Послышались истерические женские вскрики.

— Сударыни, прошу вас сохранять спокойствие, — сказал администратор. Он внушительно вскинул руку, как дирижер, останавливающий непокорного оркестранта. За его плечом, вдали, я снова увидел толпу. Последние несколько минут чиламы стояли, безмолвно сгрудившись, но сейчас они двинулись снова, правда, не в нашем направлении. Толпа растекалась, пока не заполнила нижнюю оконечность парка, потом пересекла центральные клумбы и широкую мозаичную дорожку, вышла на аллею и, устремившись через боковые клумбы и кустарниковую заросль, переплеснула через невысокую, обложенную плиткой стену, ограждавшую парк. Движение толпы было медленным, почти ленивым: так катятся волны прибоя, когда глядишь на них издалека. Парк опустел.

Чиламы шли и шли, и я знал наперед, что, как мигрирующие муравьи, они изберут наикратчайший путь к своей цели. Какова эта цель, никому еще не было известно.

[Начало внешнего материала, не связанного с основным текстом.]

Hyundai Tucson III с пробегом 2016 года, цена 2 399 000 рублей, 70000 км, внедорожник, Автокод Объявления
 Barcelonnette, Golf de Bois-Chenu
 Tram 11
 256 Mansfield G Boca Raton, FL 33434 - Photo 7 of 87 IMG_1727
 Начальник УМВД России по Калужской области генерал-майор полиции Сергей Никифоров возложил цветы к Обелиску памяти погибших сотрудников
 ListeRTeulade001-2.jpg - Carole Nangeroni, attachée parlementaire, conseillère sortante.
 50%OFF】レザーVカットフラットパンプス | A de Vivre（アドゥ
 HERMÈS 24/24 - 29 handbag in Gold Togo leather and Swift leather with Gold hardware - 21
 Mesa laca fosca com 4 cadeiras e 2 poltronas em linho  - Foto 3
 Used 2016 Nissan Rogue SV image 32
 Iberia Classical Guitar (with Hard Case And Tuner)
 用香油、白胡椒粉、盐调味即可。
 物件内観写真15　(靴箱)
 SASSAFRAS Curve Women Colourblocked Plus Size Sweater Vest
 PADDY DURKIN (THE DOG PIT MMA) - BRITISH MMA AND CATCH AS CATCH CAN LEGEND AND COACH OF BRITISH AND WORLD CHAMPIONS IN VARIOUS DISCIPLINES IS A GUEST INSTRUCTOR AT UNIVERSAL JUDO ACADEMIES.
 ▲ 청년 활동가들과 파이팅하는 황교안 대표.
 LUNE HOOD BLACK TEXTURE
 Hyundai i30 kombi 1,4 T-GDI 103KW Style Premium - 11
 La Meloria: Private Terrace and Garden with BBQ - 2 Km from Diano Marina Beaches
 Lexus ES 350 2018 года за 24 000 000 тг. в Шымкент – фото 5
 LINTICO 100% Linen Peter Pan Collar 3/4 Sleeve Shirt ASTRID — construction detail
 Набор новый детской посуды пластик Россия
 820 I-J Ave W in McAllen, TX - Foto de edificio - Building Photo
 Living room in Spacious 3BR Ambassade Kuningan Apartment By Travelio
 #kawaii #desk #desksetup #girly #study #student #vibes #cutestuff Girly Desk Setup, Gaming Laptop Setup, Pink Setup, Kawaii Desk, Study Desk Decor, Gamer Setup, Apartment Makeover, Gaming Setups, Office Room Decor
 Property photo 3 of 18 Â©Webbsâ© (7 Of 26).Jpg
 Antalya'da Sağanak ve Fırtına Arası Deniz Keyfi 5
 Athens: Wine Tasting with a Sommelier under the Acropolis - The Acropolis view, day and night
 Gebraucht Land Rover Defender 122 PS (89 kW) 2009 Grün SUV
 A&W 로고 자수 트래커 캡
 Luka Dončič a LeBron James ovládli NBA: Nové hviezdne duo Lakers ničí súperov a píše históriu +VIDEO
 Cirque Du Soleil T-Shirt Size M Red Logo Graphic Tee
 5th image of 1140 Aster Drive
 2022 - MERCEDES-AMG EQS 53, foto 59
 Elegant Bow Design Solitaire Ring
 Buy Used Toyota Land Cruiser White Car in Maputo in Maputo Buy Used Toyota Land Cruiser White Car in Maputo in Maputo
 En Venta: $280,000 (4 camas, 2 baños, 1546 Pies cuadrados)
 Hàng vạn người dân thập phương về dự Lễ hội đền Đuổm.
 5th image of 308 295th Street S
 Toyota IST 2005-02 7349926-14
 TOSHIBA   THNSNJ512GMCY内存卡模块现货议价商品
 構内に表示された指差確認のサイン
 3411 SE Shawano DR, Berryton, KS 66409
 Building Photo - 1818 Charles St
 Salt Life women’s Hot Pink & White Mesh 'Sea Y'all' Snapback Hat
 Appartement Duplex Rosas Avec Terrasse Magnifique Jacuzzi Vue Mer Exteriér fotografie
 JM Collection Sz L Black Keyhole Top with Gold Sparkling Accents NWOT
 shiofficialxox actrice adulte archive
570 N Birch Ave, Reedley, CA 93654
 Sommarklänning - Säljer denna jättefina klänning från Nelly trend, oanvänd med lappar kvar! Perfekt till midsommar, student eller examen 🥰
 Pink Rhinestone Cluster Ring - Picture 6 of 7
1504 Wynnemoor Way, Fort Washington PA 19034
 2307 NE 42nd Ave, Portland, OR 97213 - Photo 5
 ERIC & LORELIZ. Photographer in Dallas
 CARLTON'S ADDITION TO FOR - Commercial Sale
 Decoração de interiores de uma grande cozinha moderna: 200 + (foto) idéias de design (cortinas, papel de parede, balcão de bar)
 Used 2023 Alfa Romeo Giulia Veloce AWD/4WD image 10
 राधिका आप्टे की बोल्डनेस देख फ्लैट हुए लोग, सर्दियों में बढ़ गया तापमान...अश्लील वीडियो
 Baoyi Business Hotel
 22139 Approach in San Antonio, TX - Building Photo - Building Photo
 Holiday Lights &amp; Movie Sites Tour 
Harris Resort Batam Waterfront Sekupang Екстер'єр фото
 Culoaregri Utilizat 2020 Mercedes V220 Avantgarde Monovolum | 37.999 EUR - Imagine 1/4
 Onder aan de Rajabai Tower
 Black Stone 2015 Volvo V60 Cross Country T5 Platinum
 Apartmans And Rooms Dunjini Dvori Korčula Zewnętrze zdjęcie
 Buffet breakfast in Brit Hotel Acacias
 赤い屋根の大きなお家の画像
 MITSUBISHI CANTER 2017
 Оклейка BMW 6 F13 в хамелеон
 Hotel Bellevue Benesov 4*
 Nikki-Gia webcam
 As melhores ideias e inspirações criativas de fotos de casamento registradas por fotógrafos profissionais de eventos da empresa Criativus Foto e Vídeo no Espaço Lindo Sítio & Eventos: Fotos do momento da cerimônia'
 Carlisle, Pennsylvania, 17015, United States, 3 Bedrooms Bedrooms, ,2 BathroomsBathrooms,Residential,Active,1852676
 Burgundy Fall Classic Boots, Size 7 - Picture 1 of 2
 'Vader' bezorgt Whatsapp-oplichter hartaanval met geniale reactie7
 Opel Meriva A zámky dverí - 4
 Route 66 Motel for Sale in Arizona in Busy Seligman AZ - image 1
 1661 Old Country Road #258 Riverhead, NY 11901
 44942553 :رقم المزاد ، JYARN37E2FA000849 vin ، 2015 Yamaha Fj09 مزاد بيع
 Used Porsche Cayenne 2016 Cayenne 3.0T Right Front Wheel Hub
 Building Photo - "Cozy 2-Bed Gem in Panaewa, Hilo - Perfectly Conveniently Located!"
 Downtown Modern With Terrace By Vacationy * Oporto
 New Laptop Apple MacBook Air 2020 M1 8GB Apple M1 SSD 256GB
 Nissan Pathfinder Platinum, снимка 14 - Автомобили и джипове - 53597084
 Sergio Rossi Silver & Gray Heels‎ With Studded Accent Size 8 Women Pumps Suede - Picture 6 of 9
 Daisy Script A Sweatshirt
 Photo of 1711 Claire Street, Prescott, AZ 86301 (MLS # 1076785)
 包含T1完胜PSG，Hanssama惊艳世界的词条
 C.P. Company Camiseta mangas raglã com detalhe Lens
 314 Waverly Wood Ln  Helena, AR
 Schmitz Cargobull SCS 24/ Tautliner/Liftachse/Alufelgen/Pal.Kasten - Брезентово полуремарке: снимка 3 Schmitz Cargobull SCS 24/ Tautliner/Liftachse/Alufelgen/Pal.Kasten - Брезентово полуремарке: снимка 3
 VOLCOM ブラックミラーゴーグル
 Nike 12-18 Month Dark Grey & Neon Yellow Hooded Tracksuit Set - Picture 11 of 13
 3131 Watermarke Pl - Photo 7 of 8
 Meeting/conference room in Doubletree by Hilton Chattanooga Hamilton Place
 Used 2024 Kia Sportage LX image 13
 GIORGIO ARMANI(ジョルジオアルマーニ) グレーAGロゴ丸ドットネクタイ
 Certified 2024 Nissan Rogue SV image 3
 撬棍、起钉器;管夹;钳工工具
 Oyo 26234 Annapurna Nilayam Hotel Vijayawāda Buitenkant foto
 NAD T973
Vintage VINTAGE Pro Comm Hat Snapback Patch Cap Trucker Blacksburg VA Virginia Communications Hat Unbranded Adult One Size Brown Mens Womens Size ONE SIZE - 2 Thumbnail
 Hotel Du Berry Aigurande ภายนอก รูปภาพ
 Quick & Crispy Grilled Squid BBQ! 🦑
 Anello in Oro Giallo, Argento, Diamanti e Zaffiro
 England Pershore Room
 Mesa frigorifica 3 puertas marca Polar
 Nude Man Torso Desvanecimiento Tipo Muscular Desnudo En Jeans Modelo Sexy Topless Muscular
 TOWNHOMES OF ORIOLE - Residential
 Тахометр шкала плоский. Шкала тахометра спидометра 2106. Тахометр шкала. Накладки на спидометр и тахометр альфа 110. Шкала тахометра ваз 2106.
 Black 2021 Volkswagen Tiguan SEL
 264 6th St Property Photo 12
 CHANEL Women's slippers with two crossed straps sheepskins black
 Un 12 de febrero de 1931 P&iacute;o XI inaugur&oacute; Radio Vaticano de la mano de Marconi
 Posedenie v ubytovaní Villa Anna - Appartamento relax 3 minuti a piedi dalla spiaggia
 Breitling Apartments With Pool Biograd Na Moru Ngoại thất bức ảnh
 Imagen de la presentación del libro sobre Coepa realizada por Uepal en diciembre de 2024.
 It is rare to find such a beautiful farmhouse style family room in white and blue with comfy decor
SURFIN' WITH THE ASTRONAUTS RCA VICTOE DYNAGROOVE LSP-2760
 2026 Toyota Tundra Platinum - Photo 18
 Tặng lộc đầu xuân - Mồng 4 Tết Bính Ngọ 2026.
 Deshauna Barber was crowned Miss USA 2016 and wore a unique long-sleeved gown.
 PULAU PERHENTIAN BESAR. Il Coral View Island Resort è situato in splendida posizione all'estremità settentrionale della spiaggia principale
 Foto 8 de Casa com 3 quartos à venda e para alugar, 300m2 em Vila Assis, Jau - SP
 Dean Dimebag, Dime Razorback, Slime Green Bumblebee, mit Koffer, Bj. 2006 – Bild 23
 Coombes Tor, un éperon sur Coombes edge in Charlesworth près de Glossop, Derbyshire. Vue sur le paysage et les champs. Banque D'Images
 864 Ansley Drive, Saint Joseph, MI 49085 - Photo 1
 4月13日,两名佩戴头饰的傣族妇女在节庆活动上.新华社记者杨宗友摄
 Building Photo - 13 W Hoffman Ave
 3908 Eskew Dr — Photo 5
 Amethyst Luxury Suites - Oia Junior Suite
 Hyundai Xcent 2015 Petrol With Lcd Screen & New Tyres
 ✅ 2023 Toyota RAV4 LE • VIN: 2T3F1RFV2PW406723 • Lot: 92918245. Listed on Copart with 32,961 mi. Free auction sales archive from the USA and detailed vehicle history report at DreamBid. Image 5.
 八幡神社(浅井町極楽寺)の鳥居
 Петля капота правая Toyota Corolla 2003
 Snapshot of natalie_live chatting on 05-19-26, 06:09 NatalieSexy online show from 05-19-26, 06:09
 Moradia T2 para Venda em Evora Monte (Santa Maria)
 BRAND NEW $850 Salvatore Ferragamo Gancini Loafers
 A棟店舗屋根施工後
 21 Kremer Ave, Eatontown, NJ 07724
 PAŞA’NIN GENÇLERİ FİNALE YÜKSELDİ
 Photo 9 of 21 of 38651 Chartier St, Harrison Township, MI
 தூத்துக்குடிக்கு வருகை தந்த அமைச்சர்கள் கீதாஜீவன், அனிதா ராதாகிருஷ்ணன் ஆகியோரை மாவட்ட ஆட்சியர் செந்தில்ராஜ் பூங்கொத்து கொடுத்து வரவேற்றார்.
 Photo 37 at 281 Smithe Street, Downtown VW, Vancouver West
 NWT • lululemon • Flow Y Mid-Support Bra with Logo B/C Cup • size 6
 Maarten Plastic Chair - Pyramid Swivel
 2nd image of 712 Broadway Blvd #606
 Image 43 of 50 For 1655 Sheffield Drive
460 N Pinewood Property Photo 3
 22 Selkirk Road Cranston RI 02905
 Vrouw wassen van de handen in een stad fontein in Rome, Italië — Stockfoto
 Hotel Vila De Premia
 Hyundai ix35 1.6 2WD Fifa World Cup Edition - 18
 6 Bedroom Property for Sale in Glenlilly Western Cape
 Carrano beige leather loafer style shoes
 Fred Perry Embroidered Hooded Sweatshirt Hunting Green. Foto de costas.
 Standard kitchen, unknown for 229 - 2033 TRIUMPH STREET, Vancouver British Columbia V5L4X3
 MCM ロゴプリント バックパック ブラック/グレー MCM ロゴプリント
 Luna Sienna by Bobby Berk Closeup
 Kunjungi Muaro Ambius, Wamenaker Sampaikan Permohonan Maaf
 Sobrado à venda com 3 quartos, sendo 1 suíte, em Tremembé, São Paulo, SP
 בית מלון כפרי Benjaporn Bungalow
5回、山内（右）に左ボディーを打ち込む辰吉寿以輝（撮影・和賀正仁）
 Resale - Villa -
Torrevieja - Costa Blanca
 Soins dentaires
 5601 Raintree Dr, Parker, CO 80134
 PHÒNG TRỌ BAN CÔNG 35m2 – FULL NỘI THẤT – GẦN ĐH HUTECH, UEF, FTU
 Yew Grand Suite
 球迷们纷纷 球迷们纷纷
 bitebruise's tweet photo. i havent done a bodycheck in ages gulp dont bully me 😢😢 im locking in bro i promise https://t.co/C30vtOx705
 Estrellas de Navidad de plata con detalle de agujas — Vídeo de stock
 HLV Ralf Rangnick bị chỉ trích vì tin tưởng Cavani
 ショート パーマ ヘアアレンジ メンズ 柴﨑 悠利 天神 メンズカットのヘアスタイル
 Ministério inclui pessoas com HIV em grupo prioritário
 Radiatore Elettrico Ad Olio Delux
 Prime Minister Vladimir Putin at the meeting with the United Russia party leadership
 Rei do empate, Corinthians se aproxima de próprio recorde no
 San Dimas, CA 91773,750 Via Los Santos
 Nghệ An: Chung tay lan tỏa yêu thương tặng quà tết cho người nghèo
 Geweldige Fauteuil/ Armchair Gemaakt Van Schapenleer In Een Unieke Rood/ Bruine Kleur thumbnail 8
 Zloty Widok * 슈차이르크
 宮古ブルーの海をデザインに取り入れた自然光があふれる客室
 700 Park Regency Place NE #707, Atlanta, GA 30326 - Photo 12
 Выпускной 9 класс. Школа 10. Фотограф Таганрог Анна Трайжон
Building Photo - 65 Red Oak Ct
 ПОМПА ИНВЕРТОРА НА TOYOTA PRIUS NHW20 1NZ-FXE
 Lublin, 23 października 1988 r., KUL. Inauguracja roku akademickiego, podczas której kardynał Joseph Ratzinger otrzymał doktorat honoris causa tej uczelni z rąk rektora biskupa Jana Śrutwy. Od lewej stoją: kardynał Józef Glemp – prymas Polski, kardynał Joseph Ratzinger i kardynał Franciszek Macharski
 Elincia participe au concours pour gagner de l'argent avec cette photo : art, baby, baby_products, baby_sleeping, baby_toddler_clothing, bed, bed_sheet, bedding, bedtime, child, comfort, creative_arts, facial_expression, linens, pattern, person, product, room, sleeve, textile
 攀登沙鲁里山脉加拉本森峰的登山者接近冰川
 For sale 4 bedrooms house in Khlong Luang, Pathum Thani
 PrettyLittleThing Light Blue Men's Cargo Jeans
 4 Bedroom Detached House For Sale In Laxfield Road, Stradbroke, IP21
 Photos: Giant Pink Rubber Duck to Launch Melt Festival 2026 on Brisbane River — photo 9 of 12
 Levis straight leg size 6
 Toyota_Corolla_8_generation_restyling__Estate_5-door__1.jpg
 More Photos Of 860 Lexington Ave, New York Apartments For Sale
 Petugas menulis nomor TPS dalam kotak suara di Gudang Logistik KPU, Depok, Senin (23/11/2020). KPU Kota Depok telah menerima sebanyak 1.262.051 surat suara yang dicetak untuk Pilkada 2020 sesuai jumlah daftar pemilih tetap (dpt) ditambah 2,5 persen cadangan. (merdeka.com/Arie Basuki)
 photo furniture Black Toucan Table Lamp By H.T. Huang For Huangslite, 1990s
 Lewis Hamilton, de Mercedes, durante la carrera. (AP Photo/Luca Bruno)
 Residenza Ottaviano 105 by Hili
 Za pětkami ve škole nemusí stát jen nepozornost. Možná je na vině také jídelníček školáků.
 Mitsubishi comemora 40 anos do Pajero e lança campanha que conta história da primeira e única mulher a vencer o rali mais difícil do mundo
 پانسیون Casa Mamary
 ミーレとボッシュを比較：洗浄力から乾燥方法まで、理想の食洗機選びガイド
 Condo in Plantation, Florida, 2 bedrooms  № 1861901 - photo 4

Я знал также, что им придется пройти через весь город, потому что Гвадалупа, как многие колониальные города, выстроенные на месте индейских крепостей, расположена на плато, имеющем форму перешейка. Парк Аламеда занимает широкую часть перешейка; дальше город образует горловину в полмили длиной; другой дороги из города нет; с боков плато круто обрывается вниз. Я надеялся, что никто не решится задержать чиламов на их пути через горловину.

Туристы, как видно, поняли наконец, что происходит. Администратор, которого звали мистер Хиксон, призывал всех к порядку и спокойствию.